Sie tun einem fast leid, die Funktionäre und Beamten, die sich mit Harald Naegelis Kunstwerken beschäftigen müssen.
Bleiben sie kulant, schaffen sie einen Präzedenzfall für jedes weitere illegal angebrachte Wandbild – Richter müssten dann vermehrt entscheiden, ob ein Graffito ein Werk von übergeordnetem öffentlichemInteresse ist oder bloss Sachbeschädigung.

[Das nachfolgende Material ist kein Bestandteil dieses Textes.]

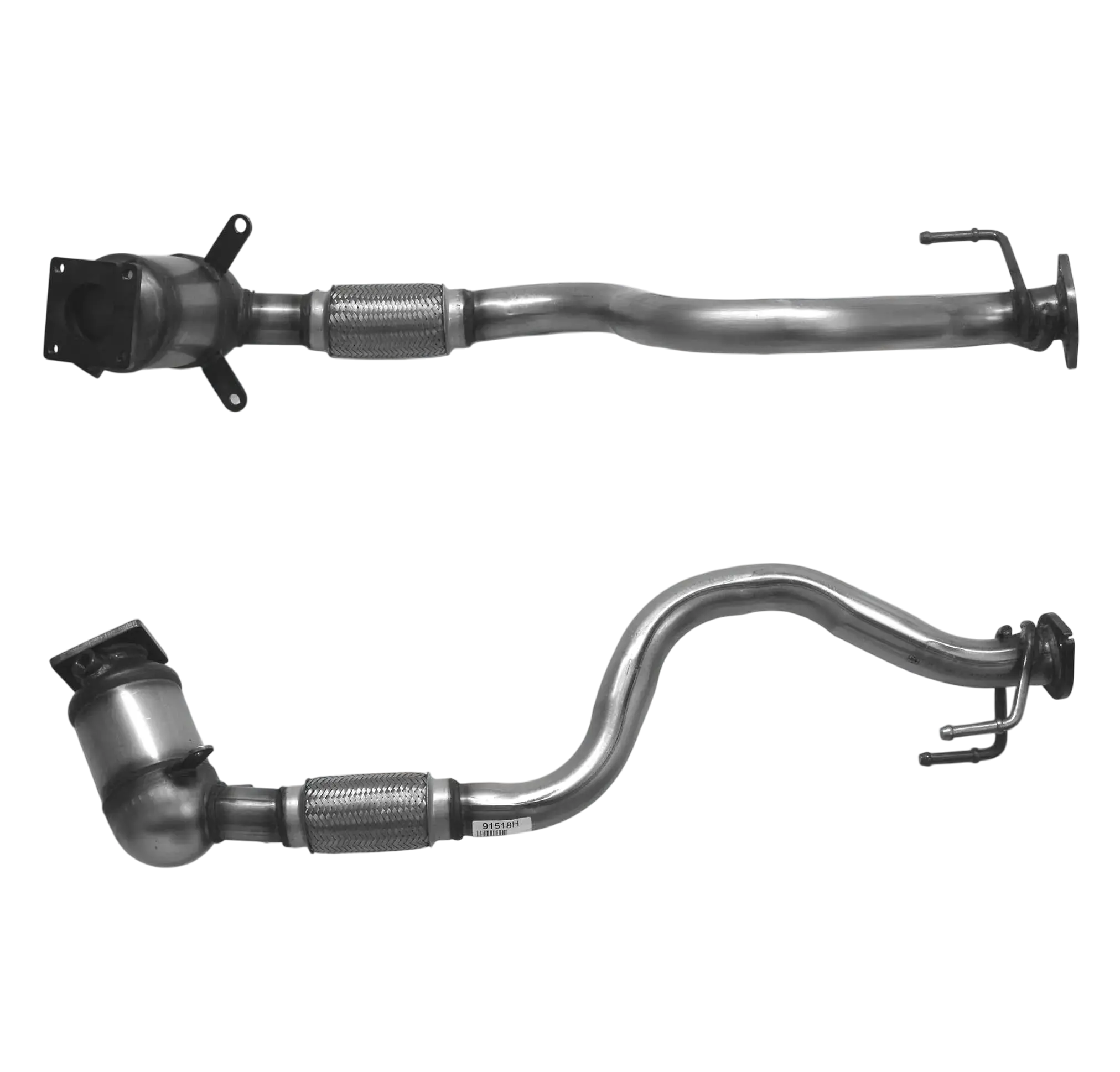 Autoteile BM CATALYSTS Homologiert Benzin Kat für AUDI A3 1.6L Benzin | Euro 4 | OEM: 1K0254302C bei Autoteile TRUST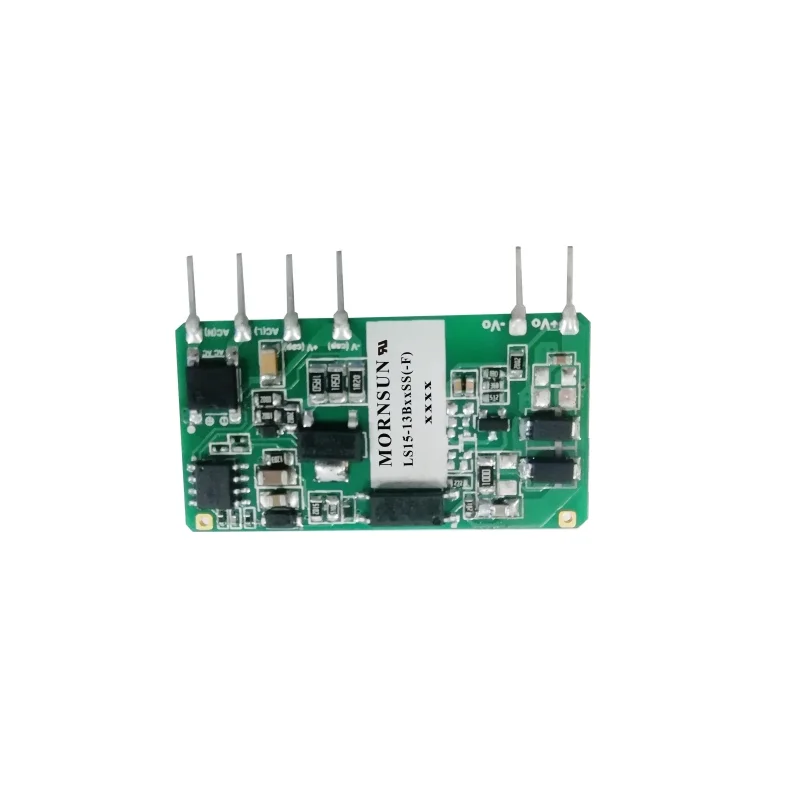 AC-DC Power Supply 85-305V to 3.3V 5V Module 15W non-isolated Voltage Regulator MORNSUN LS15-13B03SS LS15-13B05SS  LS15-13B09SS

Stützen sich die Behörden hingegen auf Paragrafen und reichen Strafanzeige ein, wie es die Kunsthaus-Stiftung und die kantonale Immobilienverwaltung getan haben, demaskieren sie das ach so kosmopolitische Zürich als kulturelle Provinz.
Für den 80-jährigen Künstler Harald Naegeli, der an seinem Lebensabend aus dem deutschen Exil an die Limmat zurückkehrte, ist die Kontroverse bestenfalls effektvolle Werbung.
Was aber völlig unverständlich bleibt, ist die Zerstörung von Naegelis Schöpfungen, mutmasslich ohne kunstwissenschaftliche Vorabklärung.
Besonders absurd wird es, wenn das Gebäude – wie die Turnhalle im Hochschulquartier – bis 2028 einem Neubau des Unispitals weichen soll.
Dass der Stiftungsrat des Kunsthauses gestern den Rückzug seiner Strafanzeige angekündigt hat, mag ein versöhnliches Signal sein, aber eben auch nicht mehr.
Vier Jahrzehnte nach dem ersten Disput hadert die grösste Stadt der Schweiz also noch immer mit ihrem künstlerischen Sorgenkind.
Naegeli und Zürich sind Gefangene ihrer selbst – und einander auf ewig in Hassliebe verbunden.